Perfect for monitoring human and robot bodies
Compared to a traditional computer, these computations are slow and take minutes. “Individual events are slow because the period of the BZ oscillations is slow,” said Victor V. Yashin, Research Assistant Professor of Chemical and Petroleum Engineering. “However, there are some tasks that need a longer analysis, and are more natural in function. That’s why this type of system is perfect to monitor environments like the human body.”
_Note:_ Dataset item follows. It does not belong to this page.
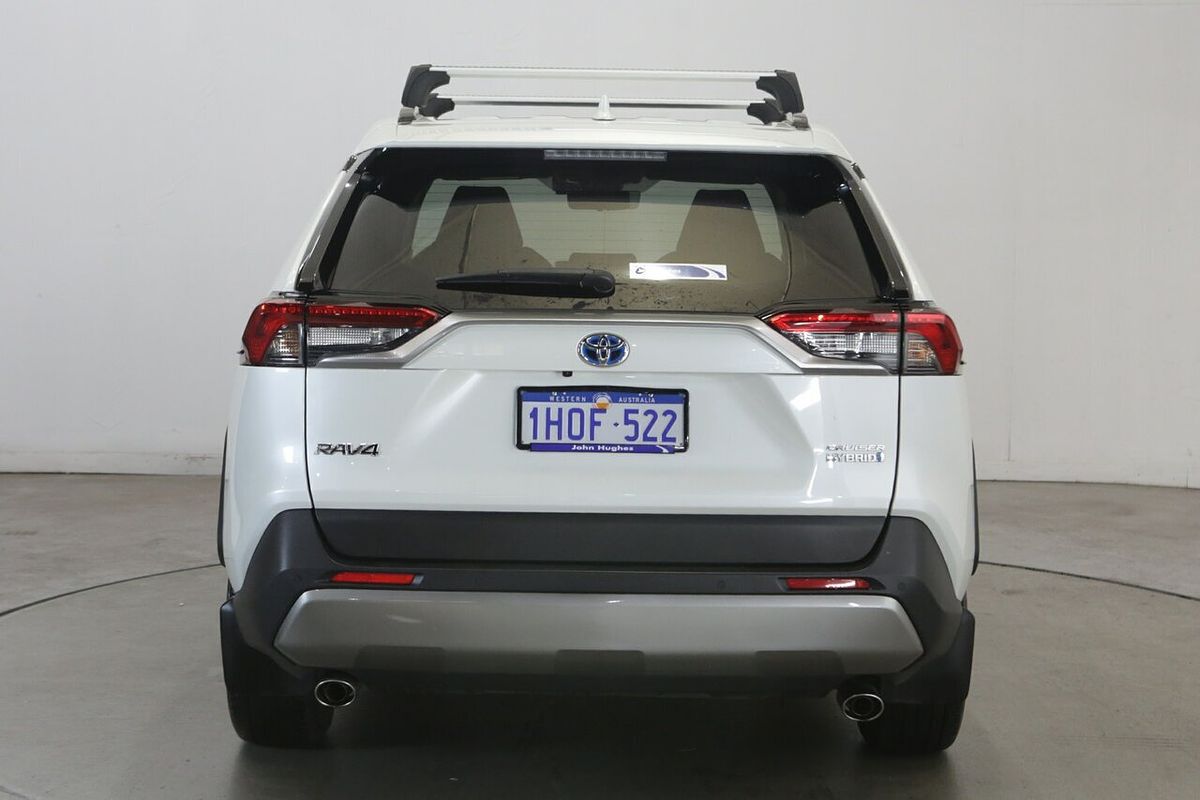 2022 Toyota RAV4 Cruiser AXAH54R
For example, Dr. Yashin said that patients recovering from a hand injury could wear a glove that monitors movement, and can inform doctors whether the hand is healing properly or if the patient has improved mobility. Another use would be to monitor individuals at risk for early onset Alzheimer’s, by wearing footwear that would analyze gait and compare results against normal movements, or a garment that monitors cardiovascular activity for people at risk of heart disease or stroke.
Since the devices convert chemical reactions to electrical energy, there would be no need for external electrical power. This would also be ideal for a robot or other device that could utilize the material as a sensory skin.
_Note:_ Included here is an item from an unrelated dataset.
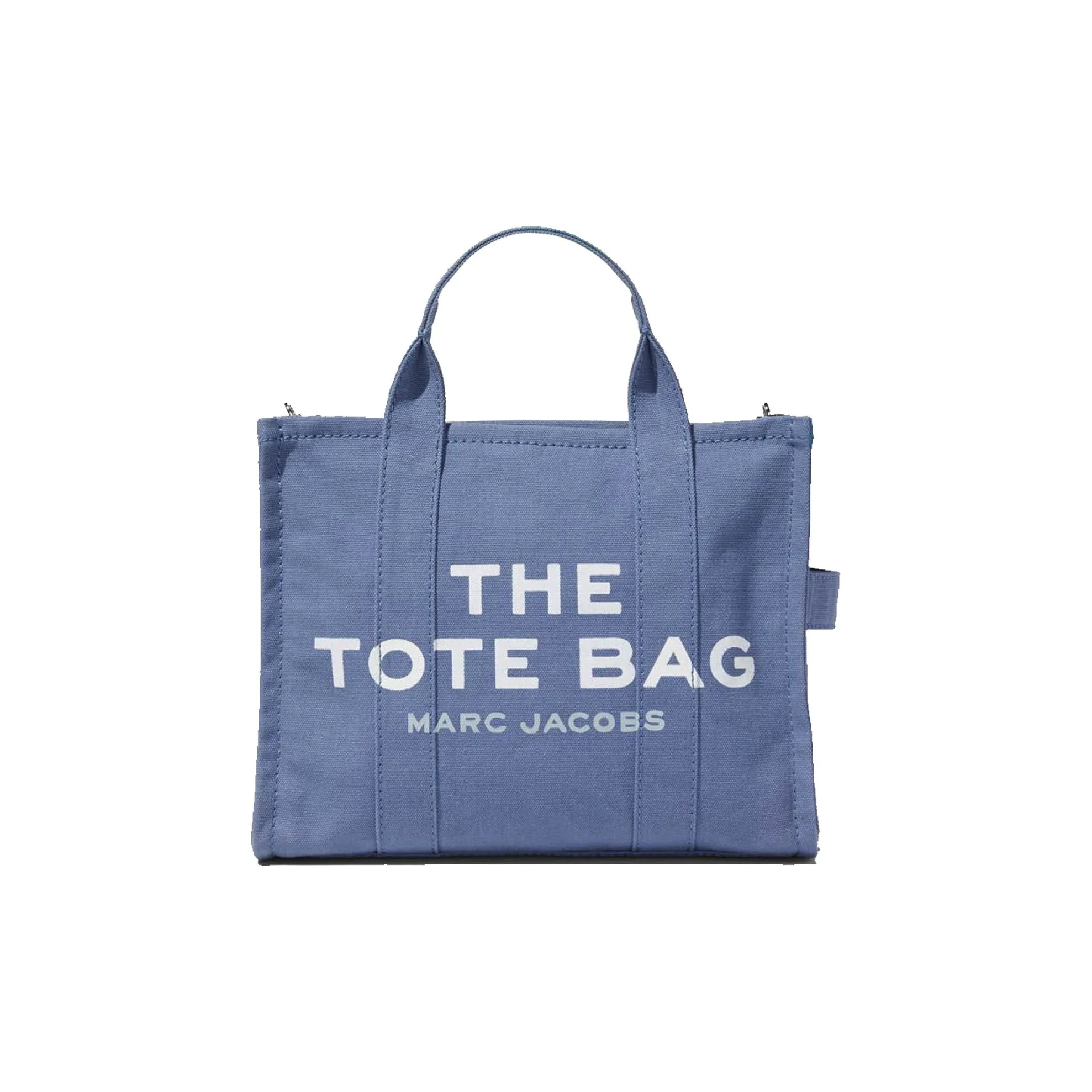 MARC JACOBS The Medium Color Tote Blue Shadow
The research is funded by a five-year National Science Foundation Integrated NSF Support Promoting Interdisciplinary Research and Education (INSPIRE) grant, which focuses on complex and pressing scientific problems that lie at the intersection of traditional disciplines.
“This work at the University of Pittsburgh … is an example of this groundbreaking shift away from traditional silicon CMOS-based digital computing to a non-von Neumann machine in a polymer substrate, with remarkable low power consumption,” said Sankar Basu, NSF program director.
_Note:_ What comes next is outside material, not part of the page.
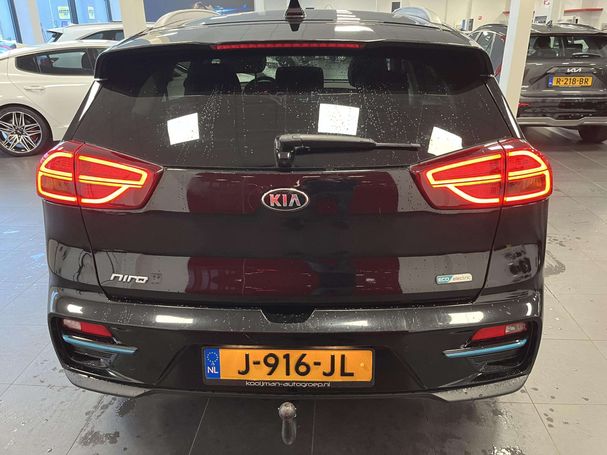 Kia Niro e 64 kWh 150 kW image number 33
* This continues the research of Anna C. Balazs, Distinguished Professor of Chemical and Petroleum Engineering, and Steven P. Levitan, the John A. Jurenko Professor of Electrical and Computer Engineering.
Abstract of Pattern recognition with “materials that compute”
Driven by advances in materials and computer science, researchers are attempting to design systems where the computer and material are one and the same entity. Using theoretical and computational modeling, we design a hybrid material system that can autonomously transduce chemical, mechanical, and electrical energy to perform a computational task in a self-organized manner, without the need for external electrical power sources. Each unit in this system integrates a self-oscillating gel, which undergoes the Belousov-Zhabotinsky (BZ) reaction, with an overlaying piezoelectric (PZ) cantilever. The chemomechanical oscillations of the BZ gels deflect the PZ layer, which consequently generates a voltage across the material. When these BZ-PZ units are connected in series by electrical wires, the oscillations of these units become synchronized across the network, where the mode of synchronization depends on the polarity of the PZ. We show that the network of coupled, synchronizing BZ-PZ oscillators can perform pattern recognition. The “stored” patterns are set of polarities of the individual BZ-PZ units, and the “input” patterns are coded through the initial phase of the oscillations imposed on these units. The results of the modeling show that the input pattern closest to the stored pattern exhibits the fastest convergence time to stable synchronization behavior. In this way, networks of coupled BZ-PZ oscillators achieve pattern recognition. Further, we show that the convergence time to stable synchronization provides a robust measure of the degree of match between the input and stored patterns. Through these studies, we establish experimentally realizable design rules for creating “materials that compute.”